Short descriptive text snippets:
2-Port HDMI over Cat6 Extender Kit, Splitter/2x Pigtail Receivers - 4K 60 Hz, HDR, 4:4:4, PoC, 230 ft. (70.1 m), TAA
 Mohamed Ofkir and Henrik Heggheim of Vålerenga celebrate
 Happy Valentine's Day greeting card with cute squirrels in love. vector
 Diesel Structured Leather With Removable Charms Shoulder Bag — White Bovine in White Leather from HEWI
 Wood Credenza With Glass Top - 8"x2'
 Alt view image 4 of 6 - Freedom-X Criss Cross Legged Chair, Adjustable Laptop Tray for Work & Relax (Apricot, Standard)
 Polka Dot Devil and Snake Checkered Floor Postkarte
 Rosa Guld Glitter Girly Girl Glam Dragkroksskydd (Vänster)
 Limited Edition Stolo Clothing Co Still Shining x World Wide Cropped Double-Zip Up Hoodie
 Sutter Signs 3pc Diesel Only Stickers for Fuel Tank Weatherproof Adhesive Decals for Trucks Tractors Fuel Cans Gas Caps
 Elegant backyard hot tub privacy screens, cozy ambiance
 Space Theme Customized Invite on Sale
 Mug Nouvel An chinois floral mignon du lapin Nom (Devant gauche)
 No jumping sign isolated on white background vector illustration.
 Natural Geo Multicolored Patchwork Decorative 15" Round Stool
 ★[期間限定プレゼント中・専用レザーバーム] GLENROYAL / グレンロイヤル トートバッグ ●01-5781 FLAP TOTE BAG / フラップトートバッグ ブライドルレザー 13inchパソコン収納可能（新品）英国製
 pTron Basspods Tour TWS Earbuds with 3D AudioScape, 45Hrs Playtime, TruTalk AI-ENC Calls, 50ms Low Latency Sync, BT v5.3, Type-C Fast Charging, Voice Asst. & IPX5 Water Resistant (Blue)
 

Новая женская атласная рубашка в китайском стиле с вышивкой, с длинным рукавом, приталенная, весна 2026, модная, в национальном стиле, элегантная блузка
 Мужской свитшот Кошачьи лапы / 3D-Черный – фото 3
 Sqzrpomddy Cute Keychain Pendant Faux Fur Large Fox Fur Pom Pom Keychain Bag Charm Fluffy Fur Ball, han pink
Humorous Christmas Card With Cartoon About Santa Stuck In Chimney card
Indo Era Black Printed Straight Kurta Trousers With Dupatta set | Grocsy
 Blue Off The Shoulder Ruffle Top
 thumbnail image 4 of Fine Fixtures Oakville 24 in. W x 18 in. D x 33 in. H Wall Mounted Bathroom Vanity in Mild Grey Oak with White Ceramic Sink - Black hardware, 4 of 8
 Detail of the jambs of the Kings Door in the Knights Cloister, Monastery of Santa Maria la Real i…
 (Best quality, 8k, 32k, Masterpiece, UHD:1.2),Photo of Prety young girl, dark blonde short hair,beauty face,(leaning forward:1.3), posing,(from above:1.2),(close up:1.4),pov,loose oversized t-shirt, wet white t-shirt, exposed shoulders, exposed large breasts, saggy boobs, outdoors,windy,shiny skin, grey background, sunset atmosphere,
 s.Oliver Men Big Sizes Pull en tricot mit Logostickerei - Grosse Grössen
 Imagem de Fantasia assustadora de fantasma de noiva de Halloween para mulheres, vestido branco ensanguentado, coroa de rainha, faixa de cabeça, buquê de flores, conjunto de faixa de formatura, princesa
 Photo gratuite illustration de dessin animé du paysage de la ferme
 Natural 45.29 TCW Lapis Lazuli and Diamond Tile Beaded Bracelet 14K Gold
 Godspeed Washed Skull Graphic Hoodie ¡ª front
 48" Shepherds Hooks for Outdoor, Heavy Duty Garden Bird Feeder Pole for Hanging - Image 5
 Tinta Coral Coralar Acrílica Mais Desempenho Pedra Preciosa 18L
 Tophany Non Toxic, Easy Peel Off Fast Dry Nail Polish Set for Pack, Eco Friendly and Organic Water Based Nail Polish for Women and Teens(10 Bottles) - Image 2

■ **EXERCISE DETAILS**
Nothing but the lines from the one with "Hanging - Image 5" through the end of the data above should be repeated, each exactly as it stands.

■ **ANSWER TO THIS TASK**
 48" Shepherds Hooks for Outdoor, Heavy Duty Garden Bird Feeder Pole for Hanging - Image 5
 Tinta Coral Coralar Acrílica Mais Desempenho Pedra Preciosa 18L
 Tophany Non Toxic, Easy Peel Off Fast Dry Nail Polish Set for Pack, Eco Friendly and Organic Water Based Nail Polish for Women and Teens(10 Bottles) - Image 2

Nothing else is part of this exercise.